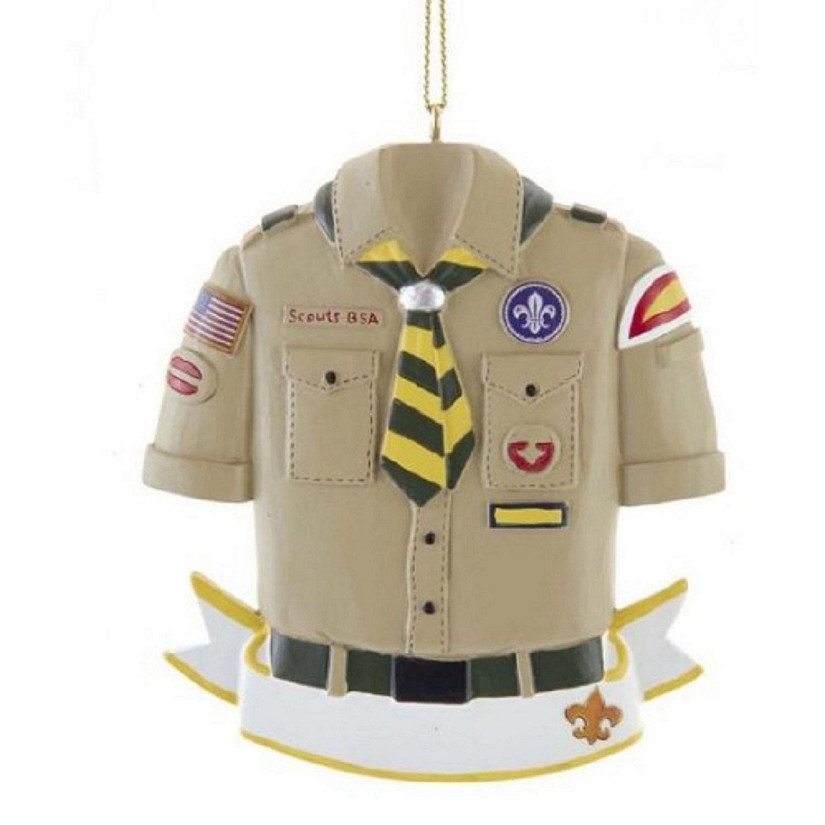 Boy Scout Shirt Christmas Tree Ornament BS2202B Image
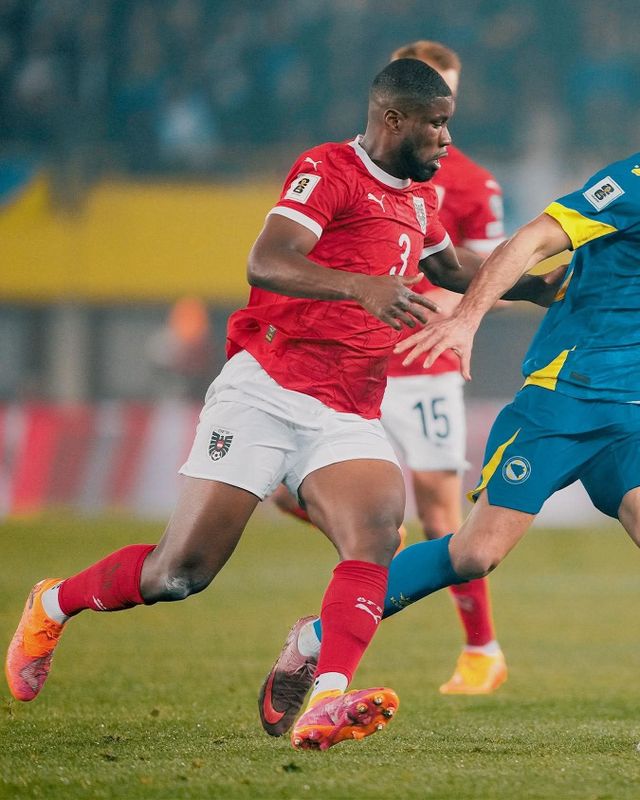 토트넘에서 뛰는 중앙수비수 케빈 단소(왼쪽)는 오스트리아 대표팀의 주축 자원이다. 한국은 내년 3월 유럽 원정 A매치 상대국 중 하나로 오스트리아를 염두에 두고 있다. 사진출처｜토트넘 홋스퍼 페이스북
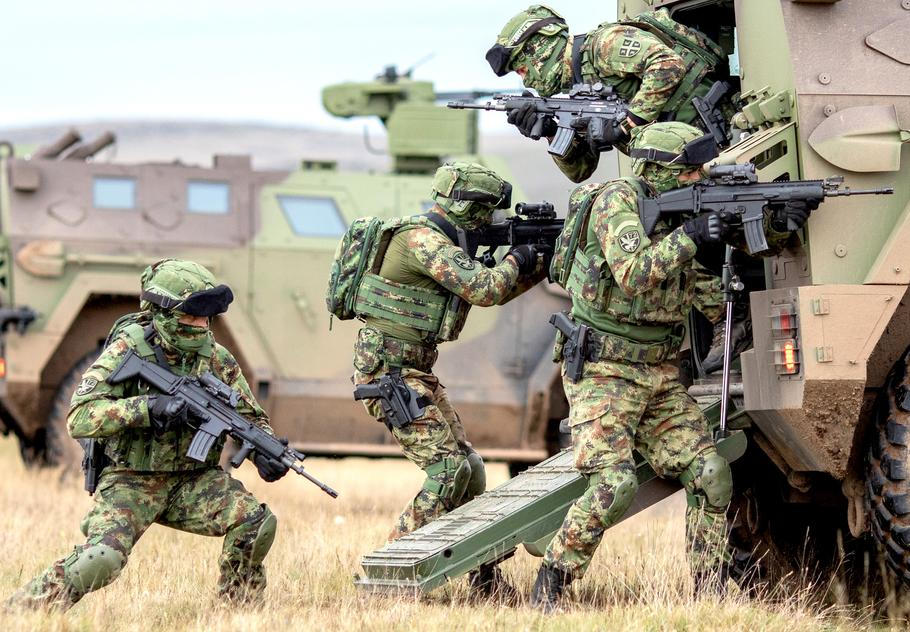 Pester,,Serbia,-,October,10,,2020:,Serbian,Army,Special,Forces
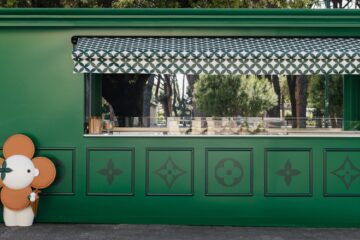Louis Vuitton inaugura su primera heladería en Forte dei Marmi
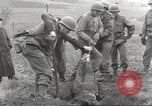 Image of victims of Flossenbürg Concentration Camp Flossenburg Germany, 1945, second 18 stock footage video 65675063168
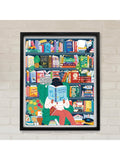 Ridley's Must Read Books jigsaw puzzle 1000 pieces, imported from the UK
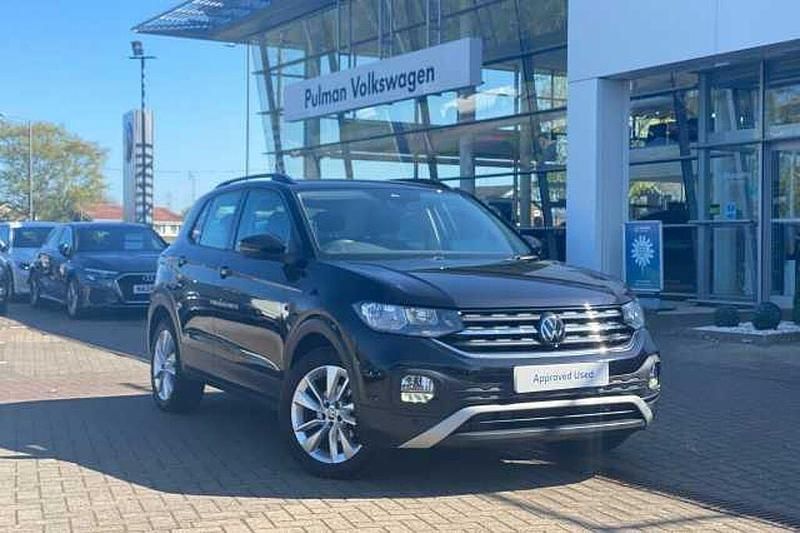 Used VW T-Cross 95 HP (69 kW) 2021 SUV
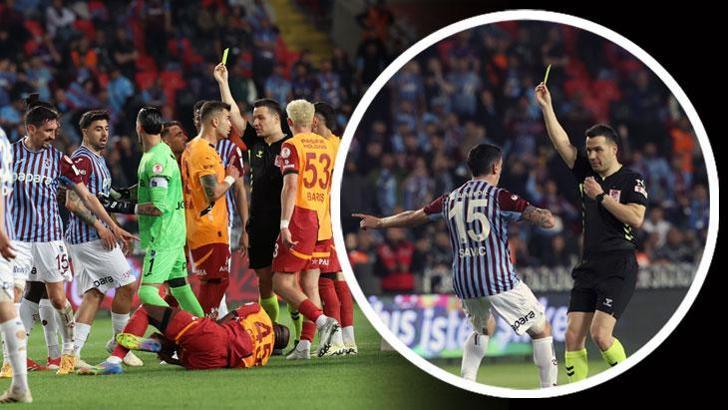 Stefan Savic faul yaptı! Okan Buruk ve Victor Osimhen çılgına döndü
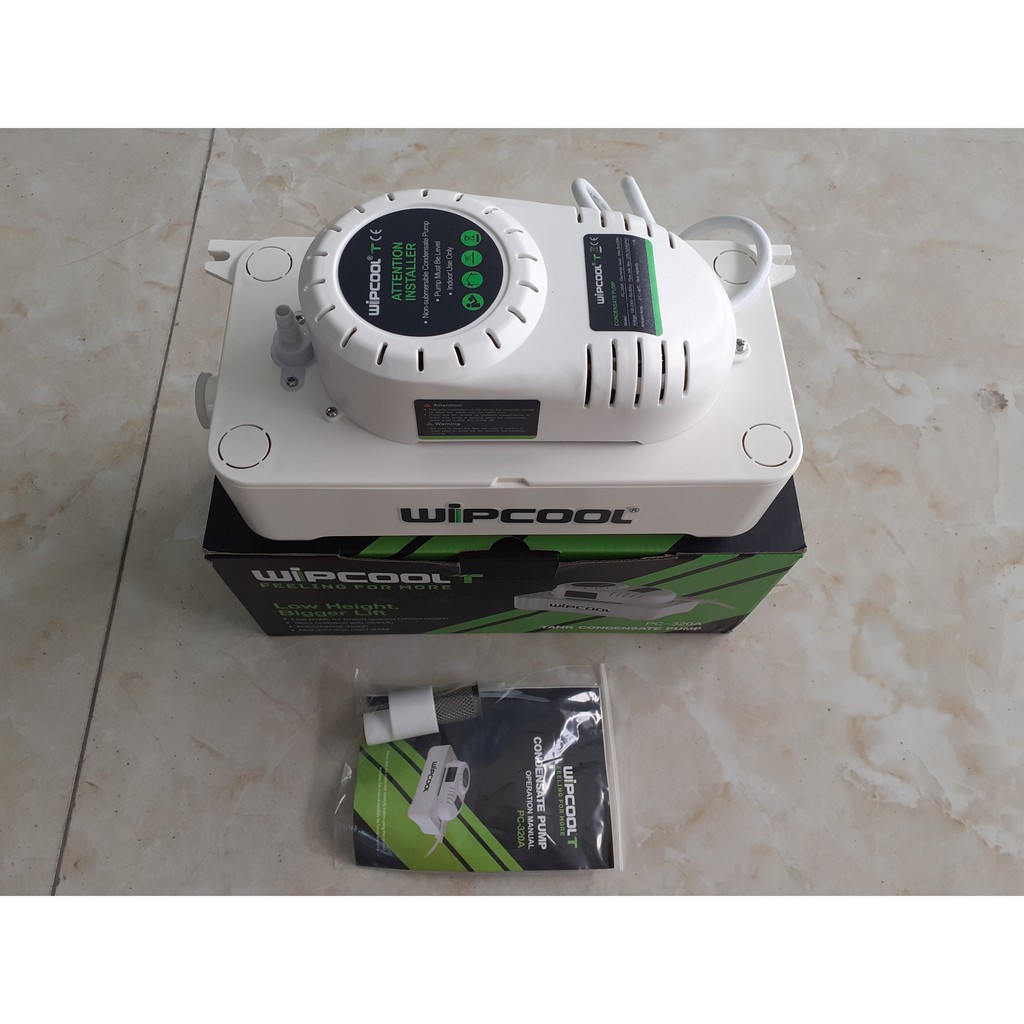 WIPCOOL BƠM THOÁT NƯỚC ĐIỀU HÒA PC-320A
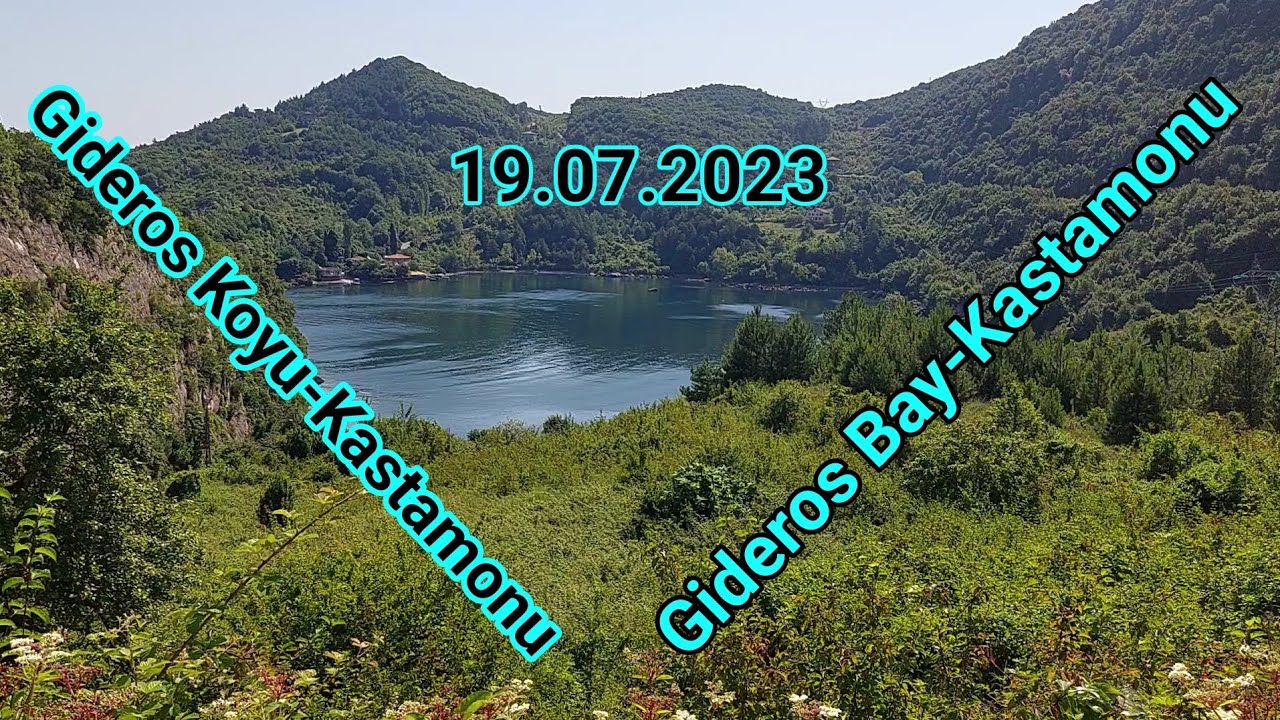 Gideros Koyu-Kastamonu/ Gideros Bay-Kastamonu | #caravanlife #gideros #kastamonu #karavan #travel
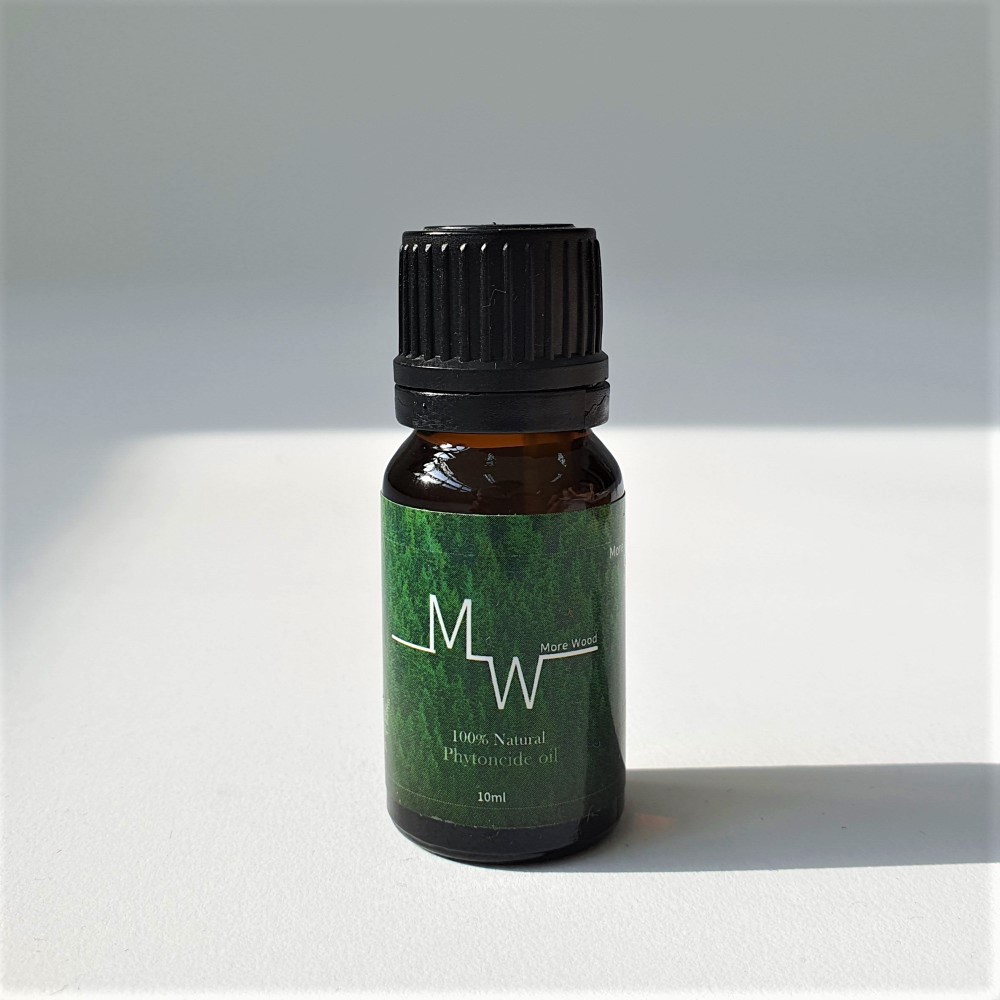 모어우드 피톤치드 아로마 에센셜 오일 심재 편백오일 10ml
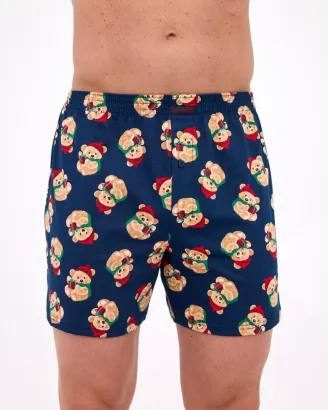 Bokserki Cornette 016/24 Bears 2 Christmas 3-5XL
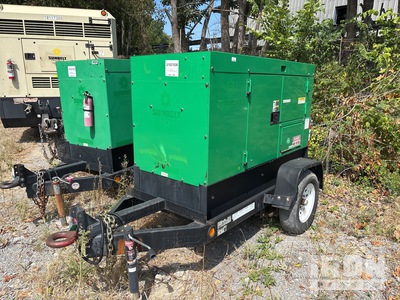 2017 MQ Power DCA25SSIU4FSG 25 kVA Mobile Zestaw prądotwórczy
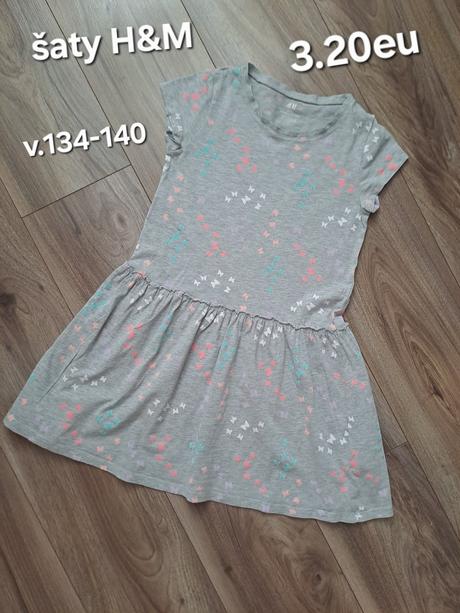 Šaty h&m, h&m,134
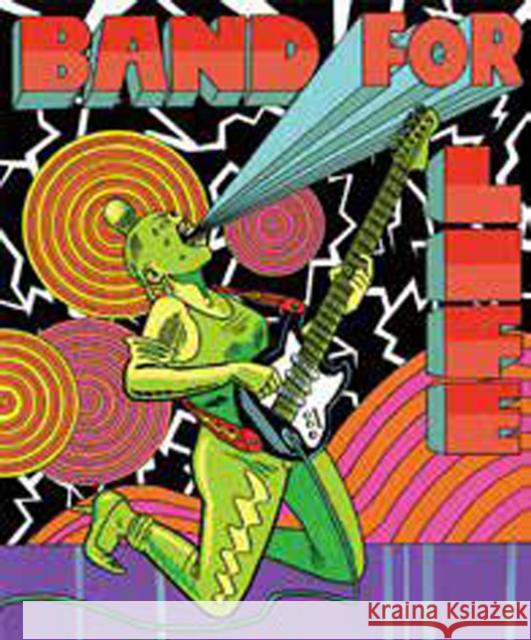 Band For Life Anya Davidson 9781606999547 Fantagraphics - książka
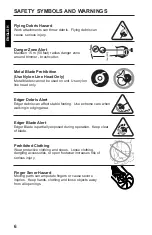 Предварительный просмотр 6 страницы Echo X7522340000 Safety Manual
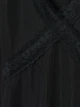 Боди-футболка женская H&M 41880016 S Черная (2000000115306) - изображение 2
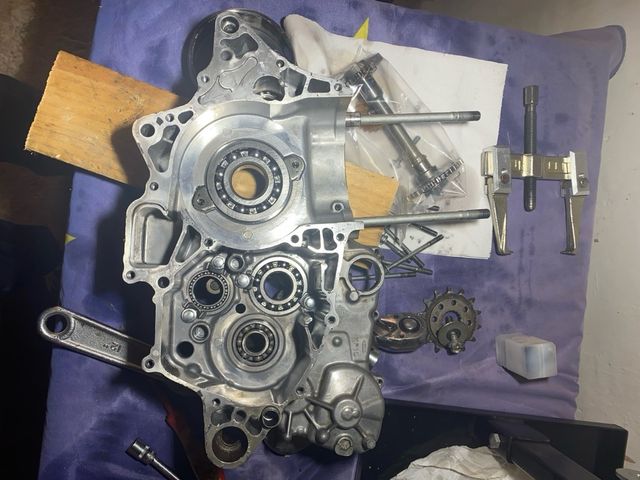 Carters TRX 450 er con cojinetes NUEVO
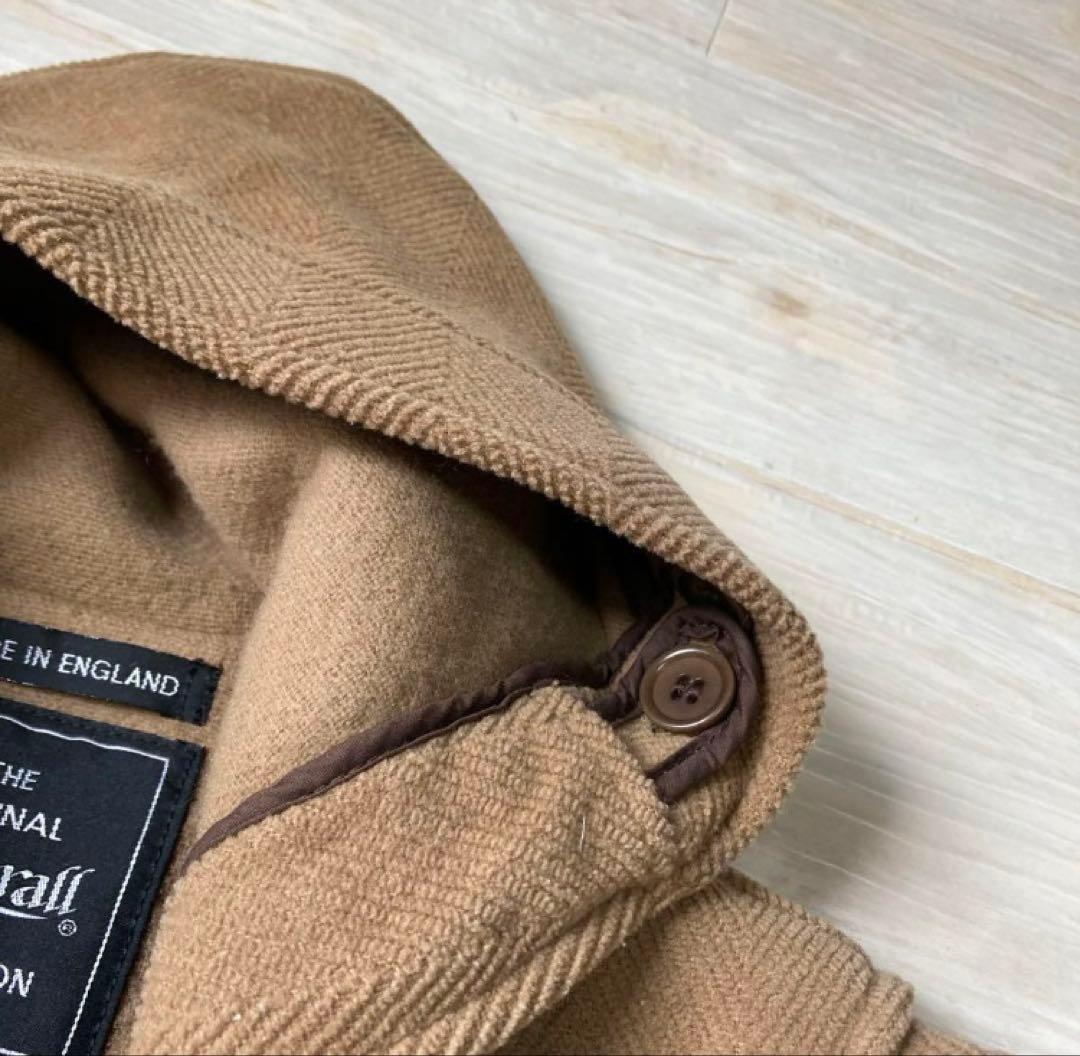 90s 美品 グローバーオール キングストン ダッフルコート キャメルベージュ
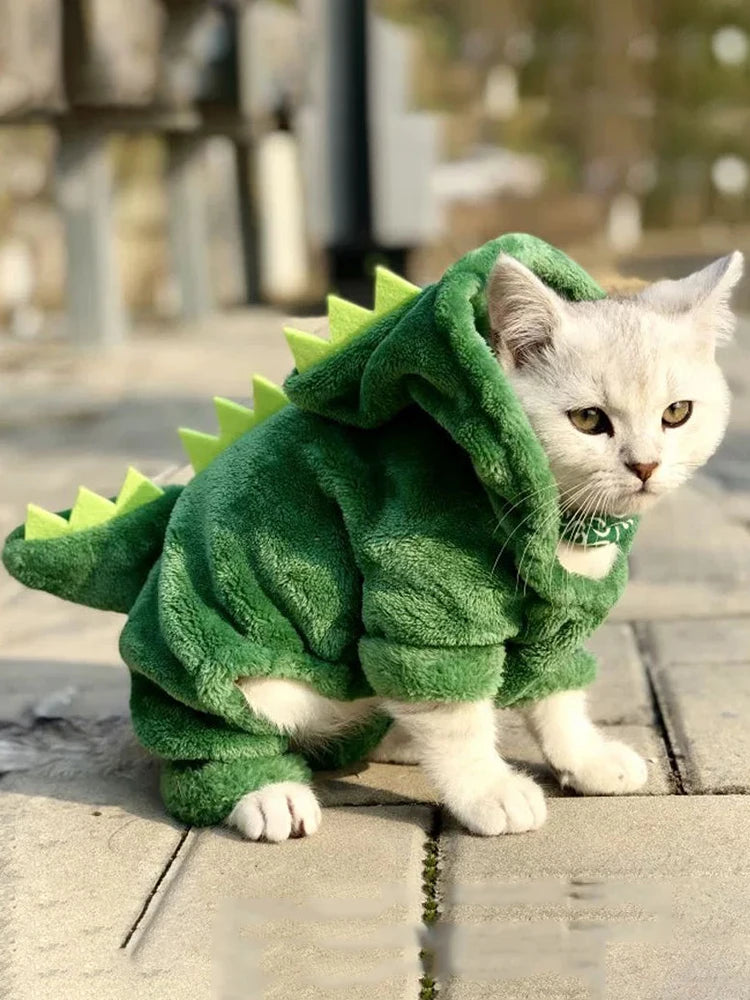 Small And Medium-Sized Dog, Dog, Cat, Pet Supplies, Clothing, Autumn And Winter Cotton Clothes, Transformation Clothes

• • •

What this task involves
Write out the data word for word, with every picture dropped.

Written solution
 Boy Scout Shirt Christmas Tree Ornament BS2202B Image
 토트넘에서 뛰는 중앙수비수 케빈 단소(왼쪽)는 오스트리아 대표팀의 주축 자원이다. 한국은 내년 3월 유럽 원정 A매치 상대국 중 하나로 오스트리아를 염두에 두고 있다. 사진출처｜토트넘 홋스퍼 페이스북
 Pester,,Serbia,-,October,10,,2020:,Serbian,Army,Special,Forces
Louis Vuitton inaugura su primera heladería en Forte dei Marmi
 Image of victims of Flossenbürg Concentration Camp Flossenburg Germany, 1945, second 18 stock footage video 65675063168
 Ridley's Must Read Books jigsaw puzzle 1000 pieces, imported from the UK
 Used VW T-Cross 95 HP (69 kW) 2021 SUV
 Stefan Savic faul yaptı! Okan Buruk ve Victor Osimhen çılgına döndü
 WIPCOOL BƠM THOÁT NƯỚC ĐIỀU HÒA PC-320A
 Gideros Koyu-Kastamonu/ Gideros Bay-Kastamonu | #caravanlife #gideros #kastamonu #karavan #travel
 모어우드 피톤치드 아로마 에센셜 오일 심재 편백오일 10ml
 Bokserki Cornette 016/24 Bears 2 Christmas 3-5XL
 2017 MQ Power DCA25SSIU4FSG 25 kVA Mobile Zestaw prądotwórczy
 Šaty h&m, h&m,134
 Band For Life Anya Davidson 9781606999547 Fantagraphics - książka
 Предварительный просмотр 6 страницы Echo X7522340000 Safety Manual
 Боди-футболка женская H&M 41880016 S Черная (2000000115306) - изображение 2
 Carters TRX 450 er con cojinetes NUEVO
 90s 美品 グローバーオール キングストン ダッフルコート キャメルベージュ
 Small And Medium-Sized Dog, Dog, Cat, Pet Supplies, Clothing, Autumn And Winter Cotton Clothes, Transformation Clothes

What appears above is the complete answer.